• _What you need to do_: Write each entry out again verbatim, pictures excluded.

• _Data provided_:
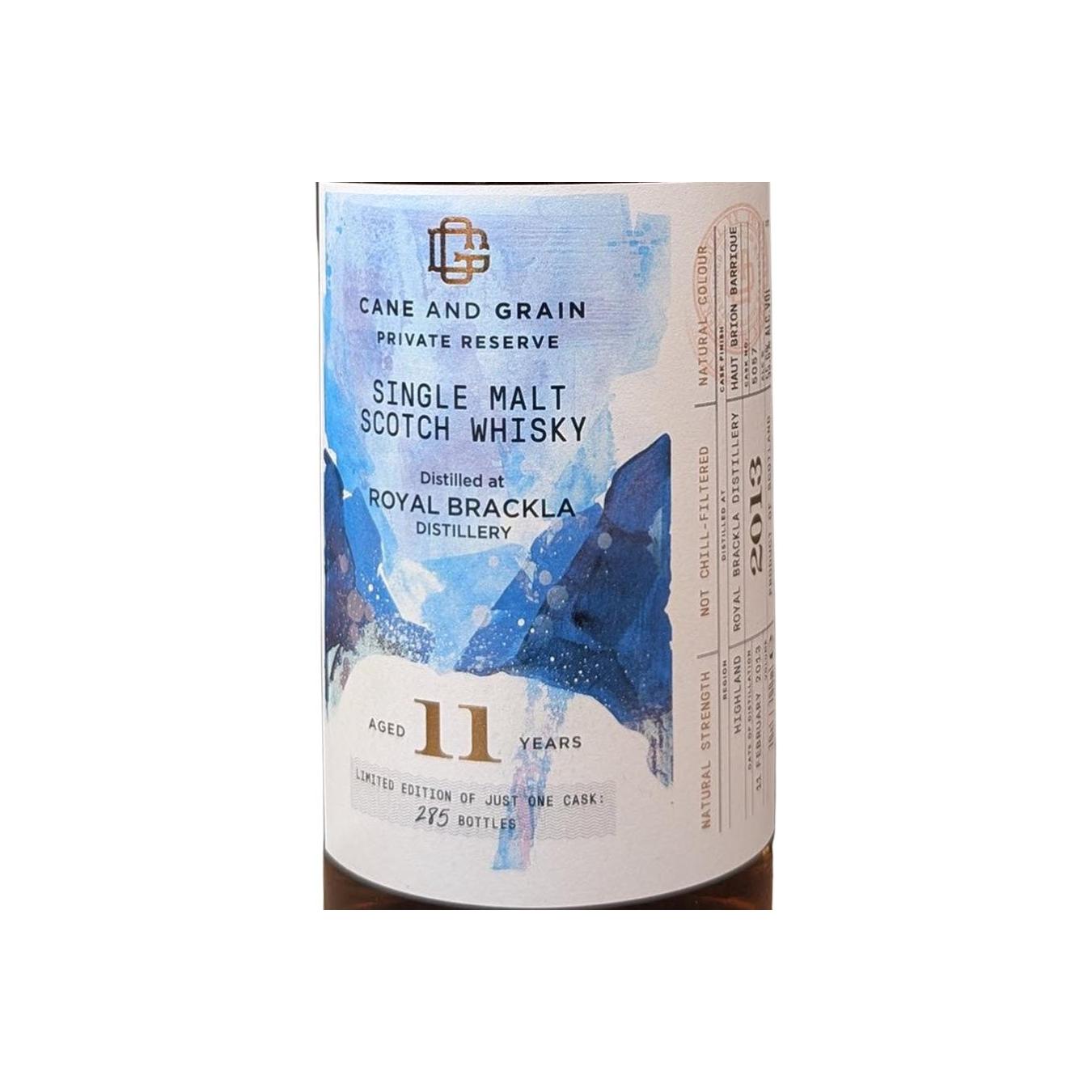 Royal Brackla 2013 11 Years Single Malt Whisky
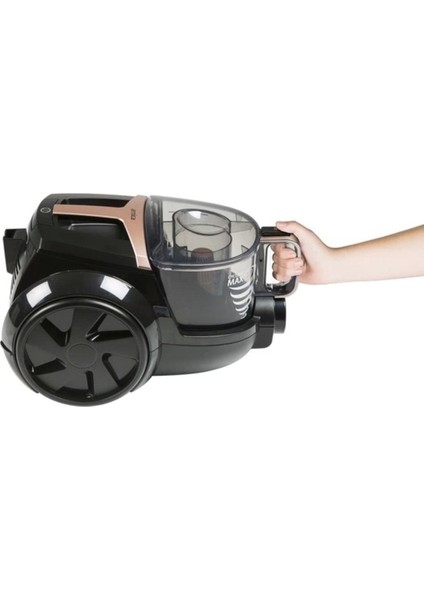 3 Yıl Toz Torbasız Elektrikli Süpürge ET14402 Ne 750 W C / F 50 Hz / 60 Hz 500-1500 Watt 220 - fiyatları
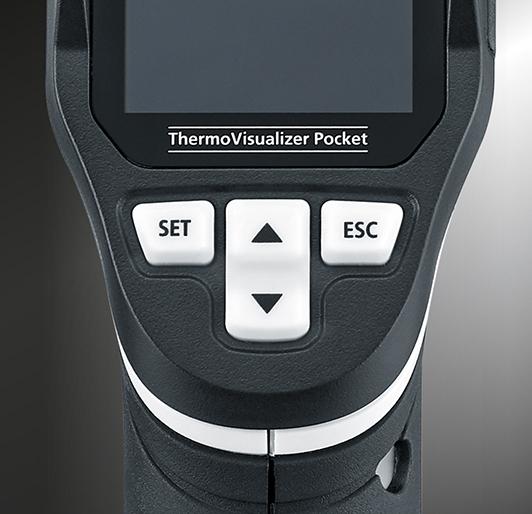 Laserliner Wärmebildkamera ThermoVisualizer Pocket
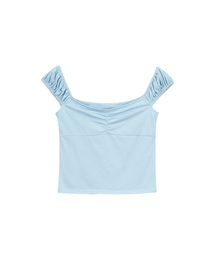 Ella Shrring T-shirt Sky Blue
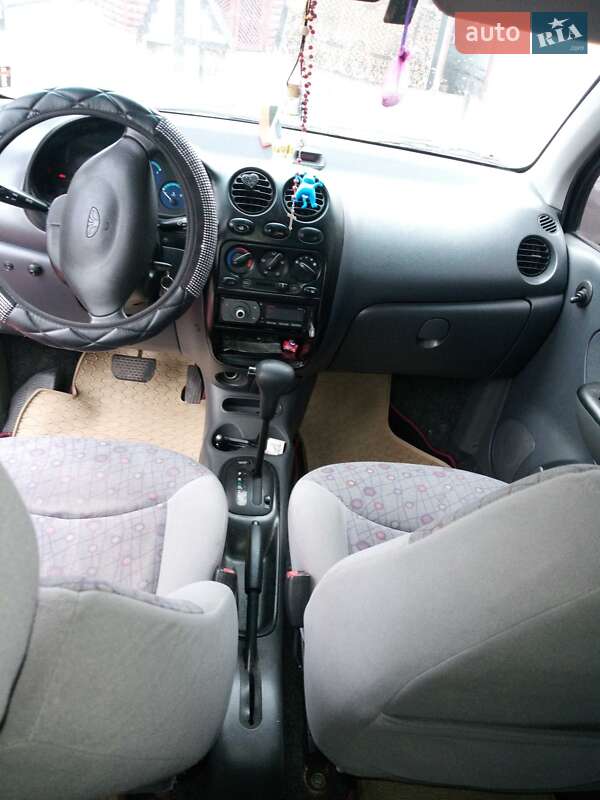 Хэтчбек Daewoo Matiz 2005 в Львове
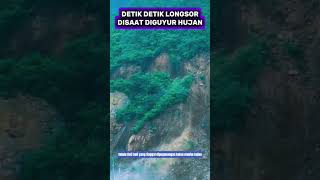 LONGSOR DITEBING#perkampungan #longsor#shorts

• _Answer to this exercise_:
 Royal Brackla 2013 11 Years Single Malt Whisky
 3 Yıl Toz Torbasız Elektrikli Süpürge ET14402 Ne 750 W C / F 50 Hz / 60 Hz 500-1500 Watt 220 - fiyatları
 Laserliner Wärmebildkamera ThermoVisualizer Pocket
 Ella Shrring T-shirt Sky Blue
 Хэтчбек Daewoo Matiz 2005 в Львове
 LONGSOR DITEBING#perkampungan #longsor#shorts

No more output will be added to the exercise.